(Items from a dataset)
----------------

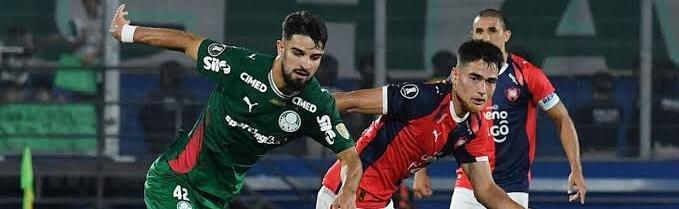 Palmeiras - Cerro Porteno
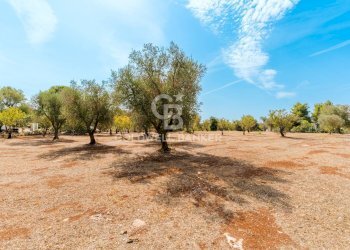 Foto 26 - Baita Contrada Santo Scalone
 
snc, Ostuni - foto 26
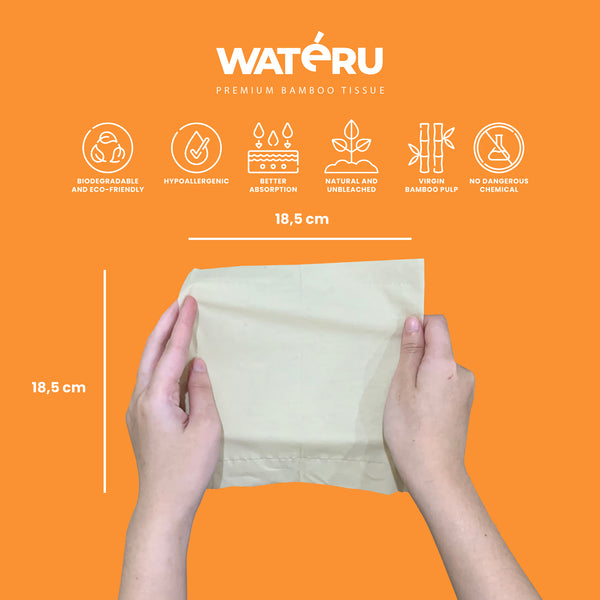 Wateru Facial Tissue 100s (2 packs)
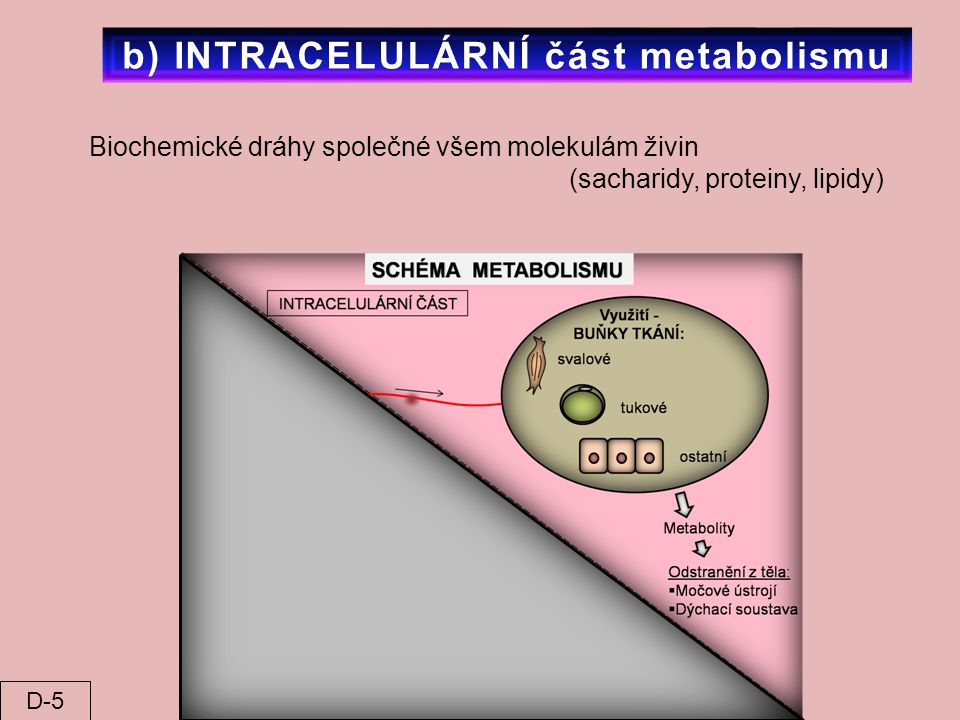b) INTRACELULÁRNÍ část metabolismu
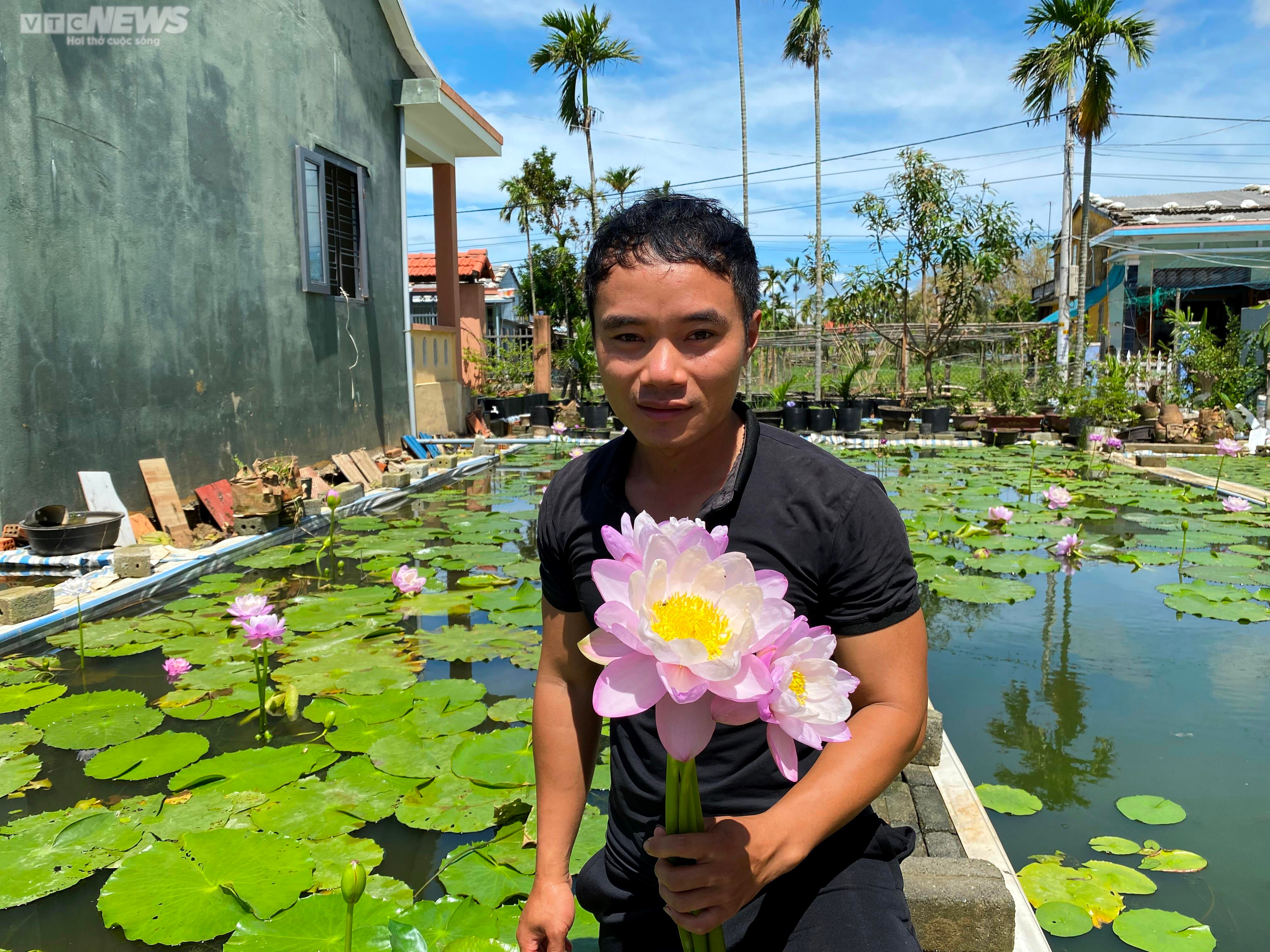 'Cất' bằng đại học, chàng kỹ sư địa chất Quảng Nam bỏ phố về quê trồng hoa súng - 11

----------------

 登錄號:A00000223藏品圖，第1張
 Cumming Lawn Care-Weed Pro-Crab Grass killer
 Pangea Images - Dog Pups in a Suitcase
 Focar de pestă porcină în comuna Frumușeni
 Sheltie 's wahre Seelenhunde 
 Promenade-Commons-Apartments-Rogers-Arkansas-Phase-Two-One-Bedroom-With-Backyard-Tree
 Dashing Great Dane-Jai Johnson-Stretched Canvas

----------------

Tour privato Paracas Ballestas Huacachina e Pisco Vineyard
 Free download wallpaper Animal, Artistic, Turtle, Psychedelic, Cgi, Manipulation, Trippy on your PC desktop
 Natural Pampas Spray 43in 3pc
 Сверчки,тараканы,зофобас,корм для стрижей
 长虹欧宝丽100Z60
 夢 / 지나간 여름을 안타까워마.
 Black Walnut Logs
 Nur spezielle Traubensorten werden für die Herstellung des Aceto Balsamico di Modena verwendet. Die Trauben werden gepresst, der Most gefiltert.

----------------

The required output is the stretch of entries above from the line containing "长虹欧宝丽100Z60" through the line containing "Nur spezielle Traubensorten", reproduced exactly.

 长虹欧宝丽100Z60
 夢 / 지나간 여름을 안타까워마.
 Black Walnut Logs
 Nur spezielle Traubensorten werden für die Herstellung des Aceto Balsamico di Modena verwendet. Die Trauben werden gepresst, der Most gefiltert.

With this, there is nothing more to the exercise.